PREPARAÇÃO
DA OBRA PARA RECEBER IMPERMEABILIZAÇÃO
1.1. Superfícies
com declive máximo de 3%
1.2. Superfícies
verticais ou com declive superior a 3%
1.3. Superfícies
de áreas internas
3.1. Tubos de
entrada da água em caixas d'água e piscinas
3.2. Tubos de
saída de água em caixas d'água.
4. PROVIDENCIAS RELATIVAS À ÁREA DE TRABALHO
PREPARAÇÃO DA OBRA PARA RECEBER
IMPERMEABILIZAÇÃO
Qualquer parte de uma obra que se destine a coberturas, terraços,
caixas d'água, piscinas ou subsolos abaixo do nível freático, e que deva ser
impermeabilizada por sistema de manta asfáltica, deve merecer cuidados
especiais por parte do construtor, para se garantir o êxito do serviço.

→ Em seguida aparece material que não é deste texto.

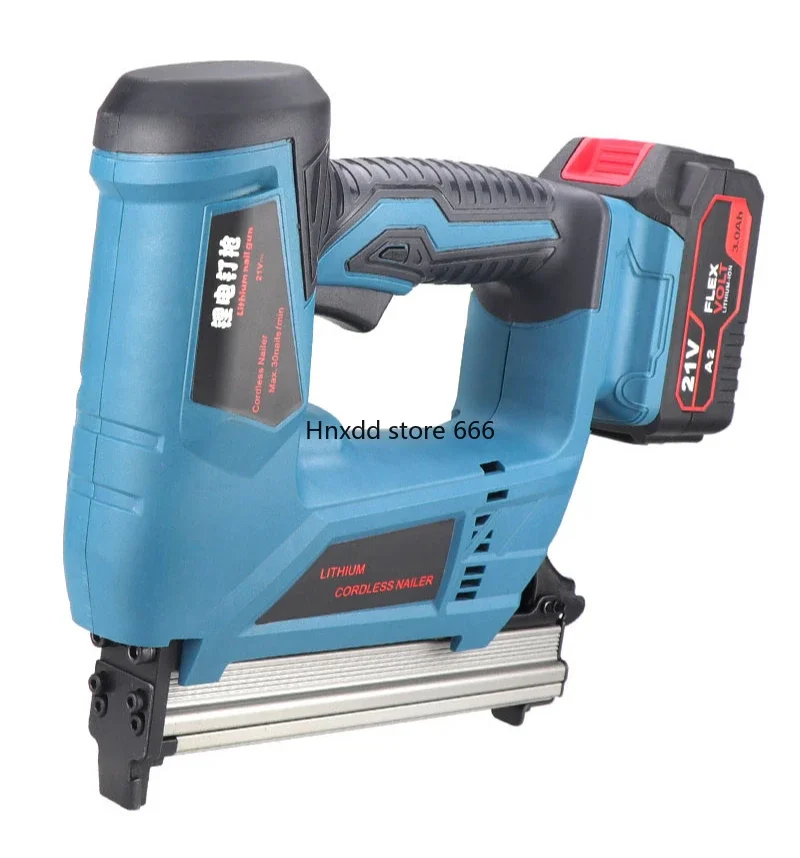 Lithium battery rechargeable electric nail shooter, wireless charging code, woodworking 1022J non-card nail gun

Os itens a considerar serão abordados neste capítulo.
Como
vimos no capítulo “Execução
de Projetos com vista à Impermeabilização”, de modo geral as mantas
asfálticas são colocadas não aderidas (sem auxílio de adesivo) sobre
superfícies deste tipo.
Pontas
agudas, brocas e protuberâncias em geral no substrato podem prejudicar a manta
(ver item 4.4). Daí a necessidade de superfícies
regularizadas com cimento e areia para o assentamento da manta. É naturalmente
possível a regularização do próprio concreto, para se obter uma superfície em
condições satisfatórias. Na prática,
entretanto, isto poucas vezes é conseguido.
O
traço da argamassa não precisa ser forte, pois sobre a superfície não incidirá
qualquer esforço de desgaste, servindo esta apenas de apoio à manta. Recomendamos o traço 1:6, cimento, areia e
aditivo aerante. Os traços fortes
tendem a trincar e empenar.
A
argamassa deve ser sarrafeada e desempenada. É muito comum que os construtores,
pressionados por cronogramas ou razões econômicas, queiram obrigar o
empreiteiro da impermeabilização a executá-la sobre superfície que não
apresentam as mínimas condições de aplicação, o que constitui lamentável falta
de consciência e de responsabilidade frente ao proprietário.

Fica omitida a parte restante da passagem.